May 24, (THEWILL) – South Africa, which is going through an energy crisis, is weighing the possibility of extending the operational lives of two of its largest coal-fueled power plants to boost energy security, reports Wednesday.

The plants, Kendal and Lethabo, which account for around a fifth of the power capacity of state-owned utility Eskom, could see their lives extended.

However, extensions of the lives of coal power plants could be a challenge to both the financially troubled Eskom and South Africa’s plans to reduce greenhouse gas emissions.

At present, the Kendal and Lethabo power plants are expected to be decommissioned after 2035.
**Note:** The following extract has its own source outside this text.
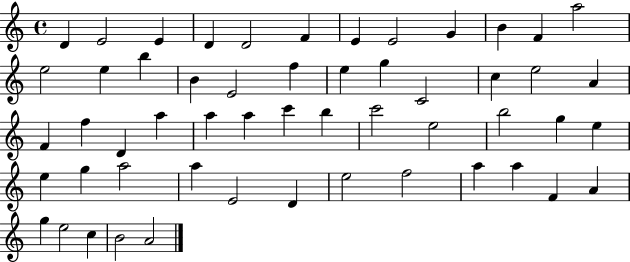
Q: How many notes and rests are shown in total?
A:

The government is still assessing whether it should allow extensions of the plants’ operations, weighing energy security against pledges to cut emissions.

Coal is by far the primary energy source for South Africa, accounting for around 80% of the country’s energy mix. The country is also the world’s fifth-largest coal exporter.

But South Africa is going through a significant energy crisis with daily rolling power cuts that cripple the economy, as state firm Eskom has failed to boost generation capacity to keep pace with growing demand in recent years.

The South African government has recently started to push for more renewable power generation.

Last month, South Africa issued the first request inviting proposals for renewable energy procurement for 3,740 megawatts (MW) in the biggest such program in Africa.

“The release of this Phase One RFP comes at an opportune moment, with government remaining steadfast in eradicating the electricity and water supply challenges, and the rampant landfill shortages our country continues to face,” South Africa’s Public Works Minister Sihle Zikalala said in a statement at the time as carried by Bloomberg.

Early this year, U.S. Secretary of the Treasury Janet Yellen said that the United States supports South Africa’s transition to cleaner energy and will help mobilize financing from the private sector to assist the coal-dependent country.